There are many ways to define sustainability, but I think we can agree that in general we’re talking about the wisest possible use of the best choice of resources, and the impact our practices and those resources have on the environment. Given that definition, in order to focus on sustainability in agriculture, you need to know:

  • Which product inputs are being used (including product type, unit of measure, price, etc.)
  • The details of distribution – (how much, from where, to where)
  • How and when the product is being used.
  • And the result – the effectiveness – of that use.

To answer these questions in an efficient way, you have to have digital connectivity. And to make digital connectivity possible, you have to start with standards. This includes unique product identifiers and unique location identifiers, and the rules for how you use them. You and your trading partners must identify products and organize information about them in the same way, or in ways that are interoperable, if you’re going to keep track of those products and how they’re used.

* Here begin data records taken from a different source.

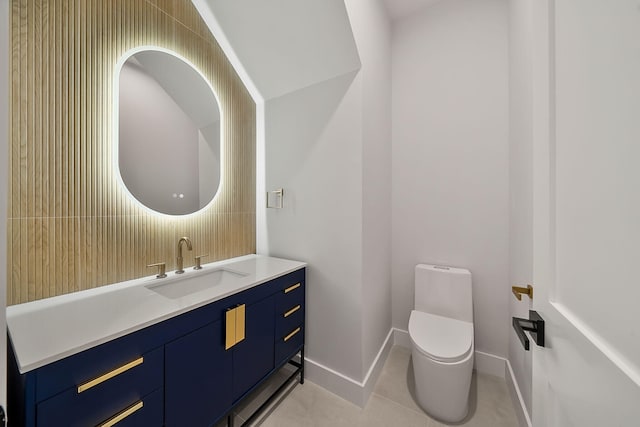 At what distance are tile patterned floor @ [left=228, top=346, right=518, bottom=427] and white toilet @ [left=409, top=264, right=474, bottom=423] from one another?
9 centimetres

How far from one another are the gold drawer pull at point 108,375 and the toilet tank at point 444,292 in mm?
1825

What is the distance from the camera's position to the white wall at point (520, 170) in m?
1.25

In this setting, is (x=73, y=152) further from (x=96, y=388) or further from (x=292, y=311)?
(x=292, y=311)

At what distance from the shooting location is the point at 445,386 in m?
1.35

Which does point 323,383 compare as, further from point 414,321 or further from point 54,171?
point 54,171

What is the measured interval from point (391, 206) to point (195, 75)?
189cm

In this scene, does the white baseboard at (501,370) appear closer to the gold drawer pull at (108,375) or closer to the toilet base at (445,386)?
the toilet base at (445,386)

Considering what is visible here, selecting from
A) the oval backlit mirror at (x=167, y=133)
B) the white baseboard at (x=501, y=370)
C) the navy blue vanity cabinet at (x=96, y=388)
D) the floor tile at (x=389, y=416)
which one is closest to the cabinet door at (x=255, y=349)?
the navy blue vanity cabinet at (x=96, y=388)

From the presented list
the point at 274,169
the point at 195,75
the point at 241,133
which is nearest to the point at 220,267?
the point at 274,169

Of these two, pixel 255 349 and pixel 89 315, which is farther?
pixel 255 349

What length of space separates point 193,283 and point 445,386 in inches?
64.8

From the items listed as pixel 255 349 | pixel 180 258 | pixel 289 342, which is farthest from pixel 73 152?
pixel 289 342

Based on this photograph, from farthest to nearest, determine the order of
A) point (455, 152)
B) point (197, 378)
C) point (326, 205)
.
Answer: point (455, 152) → point (326, 205) → point (197, 378)

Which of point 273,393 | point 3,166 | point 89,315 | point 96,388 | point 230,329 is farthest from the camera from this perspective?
point 273,393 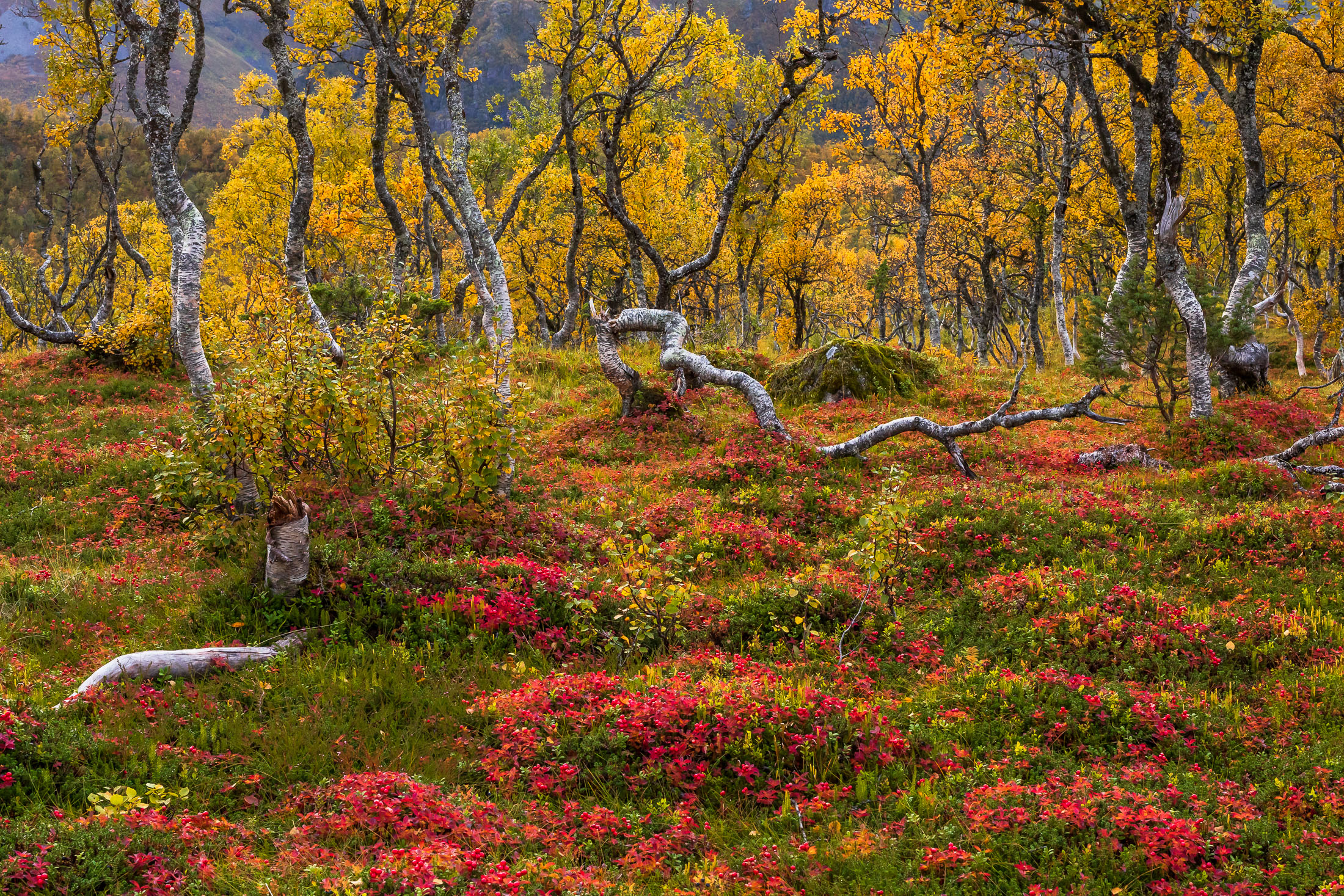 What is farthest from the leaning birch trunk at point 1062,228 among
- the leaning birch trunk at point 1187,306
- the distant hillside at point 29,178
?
the distant hillside at point 29,178

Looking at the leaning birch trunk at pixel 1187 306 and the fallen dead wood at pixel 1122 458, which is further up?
the leaning birch trunk at pixel 1187 306

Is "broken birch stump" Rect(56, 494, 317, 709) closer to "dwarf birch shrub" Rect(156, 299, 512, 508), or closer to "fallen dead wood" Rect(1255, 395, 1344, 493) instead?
"dwarf birch shrub" Rect(156, 299, 512, 508)

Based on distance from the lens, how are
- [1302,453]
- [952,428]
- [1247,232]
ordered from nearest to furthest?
[1302,453] → [952,428] → [1247,232]

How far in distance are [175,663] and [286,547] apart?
4.98ft

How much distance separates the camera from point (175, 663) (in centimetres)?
705

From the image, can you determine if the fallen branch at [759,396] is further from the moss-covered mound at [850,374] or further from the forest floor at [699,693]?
the moss-covered mound at [850,374]

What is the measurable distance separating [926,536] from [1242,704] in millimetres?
3878

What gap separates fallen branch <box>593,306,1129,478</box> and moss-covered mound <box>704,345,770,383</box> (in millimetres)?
3038

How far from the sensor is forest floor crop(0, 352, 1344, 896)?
504 cm

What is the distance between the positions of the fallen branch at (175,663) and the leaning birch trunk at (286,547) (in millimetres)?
871

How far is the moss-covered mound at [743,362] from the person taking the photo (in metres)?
20.8

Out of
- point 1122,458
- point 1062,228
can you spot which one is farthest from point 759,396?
point 1062,228

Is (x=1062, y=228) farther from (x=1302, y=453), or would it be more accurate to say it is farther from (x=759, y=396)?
(x=759, y=396)

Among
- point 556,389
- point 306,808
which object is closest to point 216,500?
point 306,808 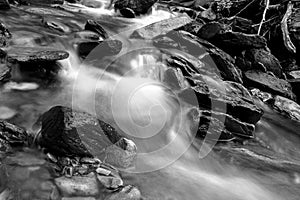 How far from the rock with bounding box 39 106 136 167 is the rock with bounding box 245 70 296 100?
389 cm

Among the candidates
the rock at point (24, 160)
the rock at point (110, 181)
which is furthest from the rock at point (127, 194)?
the rock at point (24, 160)

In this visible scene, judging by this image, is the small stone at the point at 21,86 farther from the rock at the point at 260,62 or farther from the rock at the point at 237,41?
the rock at the point at 260,62

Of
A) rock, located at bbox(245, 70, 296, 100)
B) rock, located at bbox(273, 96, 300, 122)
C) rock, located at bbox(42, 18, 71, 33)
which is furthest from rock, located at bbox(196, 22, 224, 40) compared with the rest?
rock, located at bbox(42, 18, 71, 33)

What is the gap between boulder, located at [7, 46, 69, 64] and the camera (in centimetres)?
445

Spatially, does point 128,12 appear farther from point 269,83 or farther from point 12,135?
point 12,135

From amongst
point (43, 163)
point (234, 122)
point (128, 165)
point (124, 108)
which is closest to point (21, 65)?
point (124, 108)

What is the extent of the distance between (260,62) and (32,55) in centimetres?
476

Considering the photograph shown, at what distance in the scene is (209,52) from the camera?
6.30 meters

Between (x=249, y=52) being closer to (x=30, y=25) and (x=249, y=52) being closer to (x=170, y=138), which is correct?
(x=170, y=138)

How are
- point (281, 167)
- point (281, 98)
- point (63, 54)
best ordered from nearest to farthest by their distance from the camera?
point (281, 167)
point (63, 54)
point (281, 98)

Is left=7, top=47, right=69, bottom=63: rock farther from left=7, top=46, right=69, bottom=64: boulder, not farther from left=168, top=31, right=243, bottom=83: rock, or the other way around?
left=168, top=31, right=243, bottom=83: rock

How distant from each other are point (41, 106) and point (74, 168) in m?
1.50

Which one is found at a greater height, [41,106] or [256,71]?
[256,71]

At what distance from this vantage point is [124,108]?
462 centimetres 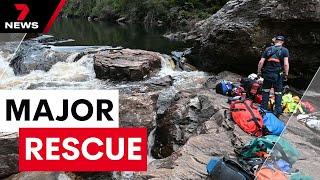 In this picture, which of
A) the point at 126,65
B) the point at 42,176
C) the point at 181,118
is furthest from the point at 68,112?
the point at 126,65

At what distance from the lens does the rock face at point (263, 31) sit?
10242 millimetres

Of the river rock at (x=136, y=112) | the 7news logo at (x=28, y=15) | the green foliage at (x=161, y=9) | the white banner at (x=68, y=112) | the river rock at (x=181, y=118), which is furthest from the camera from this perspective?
the green foliage at (x=161, y=9)

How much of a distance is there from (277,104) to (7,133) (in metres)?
4.74

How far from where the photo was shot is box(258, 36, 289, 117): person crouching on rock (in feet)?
23.4

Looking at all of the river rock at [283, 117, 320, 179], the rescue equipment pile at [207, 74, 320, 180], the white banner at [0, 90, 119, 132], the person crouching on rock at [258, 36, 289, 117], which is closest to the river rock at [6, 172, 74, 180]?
the white banner at [0, 90, 119, 132]

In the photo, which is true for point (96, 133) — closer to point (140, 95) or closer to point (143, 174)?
point (143, 174)

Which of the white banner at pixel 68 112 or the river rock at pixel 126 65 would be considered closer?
the white banner at pixel 68 112

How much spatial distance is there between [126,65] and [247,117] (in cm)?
581

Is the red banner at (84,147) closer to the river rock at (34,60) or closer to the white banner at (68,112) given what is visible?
the white banner at (68,112)

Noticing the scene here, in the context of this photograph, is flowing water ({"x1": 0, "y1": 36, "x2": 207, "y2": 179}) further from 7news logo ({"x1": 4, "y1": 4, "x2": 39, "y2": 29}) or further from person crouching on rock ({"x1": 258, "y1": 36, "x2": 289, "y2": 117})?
7news logo ({"x1": 4, "y1": 4, "x2": 39, "y2": 29})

Many AgGateway resources and projects have a direct impact on tracking products and their use. AgGateway’s Ag Industry Identification System – or AGIIS – is a directory service that provides product and location identifiers that hundreds of companies use each day in making digital connections.

Using AGIIS and other resources, AgGateway teams over the past few years have created standards and guidelines for the order-to-invoice process for crop nutrition, crop protection and seed. As companies implement these standards, they enabled seamless connections with trading partners on those processes. This connectivity gives you a tremendous boost in efficiency and can have a direct and significant impact on the bottom line.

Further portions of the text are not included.